Belakangan, saya sadar bahwa saya mengalami postpartum depression. Masih untung saya bisa menahan diri, dan kemudian mencari jalan keluar bersama suami. Saya pun semakin getol mencari tahu dan akhirnya saya paham kalau banyak ibu baru mengalami hal sama.
Menurut American Psychological Association, postpartum depression ini dapat memengaruhi satu dari tujuh wanita setiap tahunnya. Sedangkan menurut sebuah penelitian yang diterbitkan dalam The Journal of Pediatrics tahun 2016, postpartum depression ini memengaruhi 15 persen wanita selama 3 bulan setelah melahirkan. Bila bayi lahir prematur, kondisi ini bisa meningkat 2 kali lipat.
Apa, sebetulnya penyebab kondisi tak menentu ini? Ternyata ada beberapa kondisi yang rentan membuat kemungkinan ibu baru mengalami Postpartum Depression meningkat. Penting banget dimengerti oleh para ibu baru dan juga orang-orang di sekitarnya:
1. Kelelahan
Menurut penelitian, kelelahan atau perasaan sangat lelah dapat meningkatkan 7 hingga 27 kali lipat kejadian postpartum depression. Saat fisik merasa sangat lelah, kurang tidur, punggung rasanya mau copot karena terus-terusan menyusui, akal juga ikut merasa lelah sehingga memunculkan depresi, menganggap bahwa kita tidak mampu.
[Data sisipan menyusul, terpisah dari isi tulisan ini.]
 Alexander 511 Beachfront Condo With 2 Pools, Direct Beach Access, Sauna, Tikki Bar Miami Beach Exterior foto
Well, inilah mengapa banyak orang yang bilang, "It is oke, untuk mencari bantuan dari siapapun untuk mengurus bayi." Dan saya setuju itu.
Baca juga:
Ibu yang Bahagia Katanya Melakukan 7 Hal Ini
2. Tangisan bayi yang tak berhenti
Bayi yang menangis terus menerus dapat meningkatkan risiko terkena postpartum depression hingga 4 kali. Bayi menangis memang banyak sebab, karena itu kan cara satu-satunya dia berkomunikasi. Entah tak nyaman dengan bajunya, perutnya yang lapar, atau tak nyaman dengan udara sekitarnya. PR terberatnya adalah mencari tahu penyebab bayi menangis, yang terkadang hanya dia dan Tuhan yang tahu. Tapi, sadarilah, bahwa menjadi orangtua adalah belajar. Termasuk belajar mengartikan tangisan bayi. Dan hal ini butuh waktu, jadi bersabarlah.
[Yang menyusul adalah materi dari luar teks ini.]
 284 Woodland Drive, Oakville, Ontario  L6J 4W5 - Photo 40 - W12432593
3. Merasa tidak didukung dan tidak siap
Banyak orangtua baru yang memilih untuk mengasuh bayi sendiri dengan pengetahuan yang ia miliki. Hasilnya, saat ada hal yang tidak sesuai dengan ilmunya, depresi pun muncul. Padahal, tak apa, lho mendengarkan masukan dari eyang atau orangtua kita untuk sekadar menambah pengetahuan. Nyatanya hal ini bisa mengurangi sedikit rasa cemas yang berujung pada depresi.
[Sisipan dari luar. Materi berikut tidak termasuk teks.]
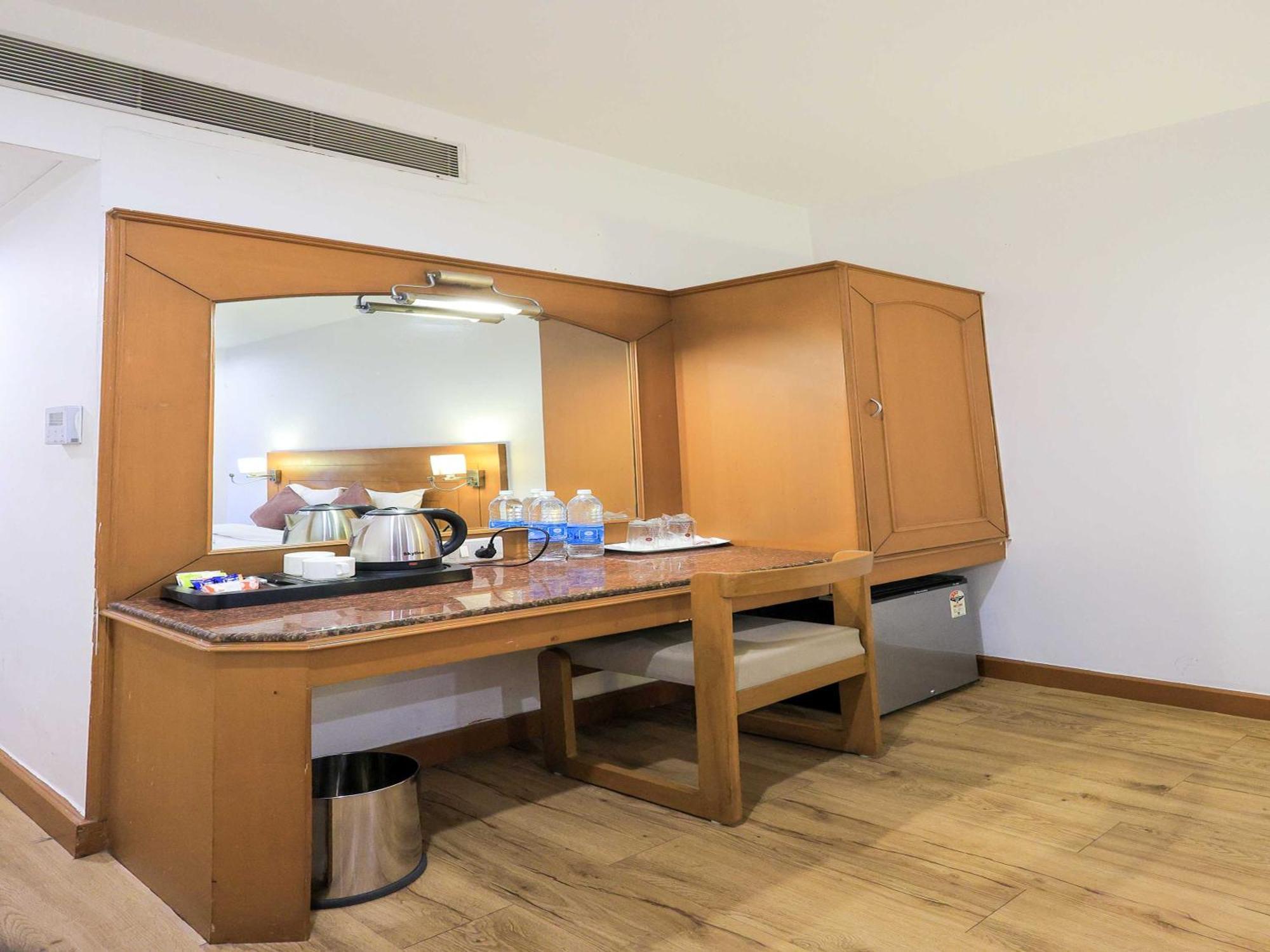 Palette Hotel Surya Vadodara Ngoại thất bức ảnh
4. Suasana hati tidak stabil sejak kehamilan
Suasana hati yang tidak stabil biasanya dipengaruhi oleh rasa tidak percaya diri, pengalaman dan ketidaktahuan tentang proses persalinan. Awalnya kan kita membayangkan persalinan itu semacam proses yang menyenangkan, karena tak lama sang ibu akan bertemu bayi. Kenyataannya, rasa sakit, proses yang lama, apalagi bila ditambah dengan terjadinya hal-hal yang tak diharapkan, membuat seorang wanita menjadi lebih rentan mengalami stres. Stres yang berkepanjangan ini jugalah yang mudah berkembang menjadi pikiran negatif. Ujungnya, ibu pun menganggap bahwa dirinya 'ibu yang buruk' atau bahkan gagal menjadi ibu.
Jadi untuk para ibu baru di luar sana, begitu mengalami perasaan nggak nyaman, jangan ragu mencari teman bicara ya :).